Structure from Motion with OpenCV

Using OpenCV and other software frameworks to implement structure-from-motion. The idea of SFM is, to use multiple frames of a moving camera to reconstruct the camera trajectory as well as the environment.

The idea of structure-from-motion is, to use multiple frames of a moving camera to reconstruct the camera trajectory as well as the environment. It is difficult to get an accurate model of the environment with a single picture. However, if you have two or more pictures, observing the same thing from different locations, you can triangulate corresponding points in the image.

Arne Nordmann (norro), CC BY-SA 3.0, via Wikimedia Commons

You can, for instance, figure out the position of a point \(X\) if you have the following information:

  • The position and orientation of the camera while taking each of the two or more images
  • The positions of the point \(X\) in both images (\(x_L\) and \(x_R\))

If you have that information, you can draw rays that start at the camera origins \(O_L\) and \(O_R\) and go through \(x_L\) and \(x_R\), respectively. The actual position of \(X\) can then be determined by figuring out, where the rays meet each other.

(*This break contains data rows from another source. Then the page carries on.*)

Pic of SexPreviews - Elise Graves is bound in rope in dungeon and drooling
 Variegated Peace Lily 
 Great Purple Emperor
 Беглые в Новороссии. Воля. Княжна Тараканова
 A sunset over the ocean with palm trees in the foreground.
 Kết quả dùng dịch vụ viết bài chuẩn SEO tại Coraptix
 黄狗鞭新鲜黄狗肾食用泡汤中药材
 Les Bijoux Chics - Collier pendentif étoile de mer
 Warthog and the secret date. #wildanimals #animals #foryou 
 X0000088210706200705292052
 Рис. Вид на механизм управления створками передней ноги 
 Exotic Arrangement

In the structure-from-motion approach of this post, the only information you can work with, however, is a series of frames that show the same thing from different points of view. The idea here is to find enough corresponding points in each of the pictures to reconstruct the camera positions and orientations. Once those are obtained, the 3D position of any pair of corresponding points can be reconstructed.

Point correspondences

Let's solve the point correspondence first. In general, there are two approaches to solving this problem. With dense matching, you look at every pixel in one image and try to find the corresponding pixel in the other image. This approach produces a result that can later be turned into a dense cloud of reconstructed points. It makes the assumption that every pixel in one image can be seen from the other image as well. Since the two pictures are taken from different positions, there probably are occluded areas that can only be observed from one point of view, however. This means, that you do not only have to try to find a correspondence for each pixel but you also have to deal with pixels that are impossible to match.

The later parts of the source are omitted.